A first system module coordinated by the workflow manager 520 is parameter processing configuration module 511. This uses configuration information from the configuration and management module 545, for example that supplied by a configuration user 502 and/or configuration database 544, The parameter processing configuration module 511 configures the parameter processing engine 510 and/or one or more of the plug-in processors 562, 564, 556. It retrieves configuration information that specifies how to collect data from one or more data sources, such as event and alert data sources 572, 574 and 576 and other data sources 578, how to process this data, for example which plug-in modules are to be used, and how to estimate parameter values, for example which of one or more probability distributions to fit. Parameter processing configuration module 511 may control the pre-processing configurations defined using the exemplary first and second interfaces of
A second system module coordinated by the workflow manager 520 is confidence analysis module 512. In certain examples, this module determines a confidence level that is representative of the suitability of a particular mathematical model. For example, the confidence level may be calculated based on an error between prepared data and a fitted line or equation or based on a statistical deviation or other statistical measure. Certain smoothing algorithms may also generate a confidence level when applied to pre-processed data. In particular implementations, algorithms within this module graphically display estimated parameter values for selected mathematical representations, for example via dashboard interface 530 and display 532, and provide a classification based on calculated confidence levels. A classification scheme with two or more classifications may be used. The classifications may be based on threshold levels. For Example, on classification may be that the mathematical representation is “useable” or “unuseable”, a mathematical representation being useable if a calculated confidence level is above a particular threshold. Another classification may use a colour-coded system, for example a red, amber and green “traffic-light” colour scheme. The confidence analysis module 512 may present a user with a number of different mathematical representations and the confidence levels for data derived from a number of data sources; the user may then select a particular representation to define the security model and for use in a modelling and simulation system 440. The confidence analysis module 512 may be arranged to record the present selection, and any previous selections, in one or more of configuration database 544 and estimated parameter database 516.

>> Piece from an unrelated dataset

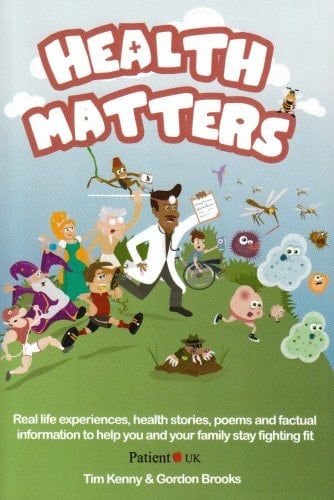 Health Matters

A third system module coordinated by the workflow manager 520 is modelling and simulation mapping module 513. This module controls how parameter values estimated by the parameter processing engine 510 are mapped into existing modelling and simulation systems, for example modelling and simulation system 440. This module may make use of modelling and simulation interface 550 that provides a set of capabilities, such as function calls, application program interfaces (APIs) or data wrappers, to interact with existing modelling and simulation systems and tools 554, 556. For example, if a modelling and simulation system uses security models defined in a particular structured programming language, the modelling and simulation mapping module 513 may write estimated parameter values to configuration files for the security models, including placing the estimated parameters values in a format that can be read by the structured programming language and used be the modelling and simulation systems and tools. In certain implementations, modelling and simulation interface 550 outputs mapped parameters to particular modelling and simulation systems. These systems may provide a programming language and general framework to represent and run executable security models. They may also provide a framework to perform Monte Carlo simulations using the aforementioned security models.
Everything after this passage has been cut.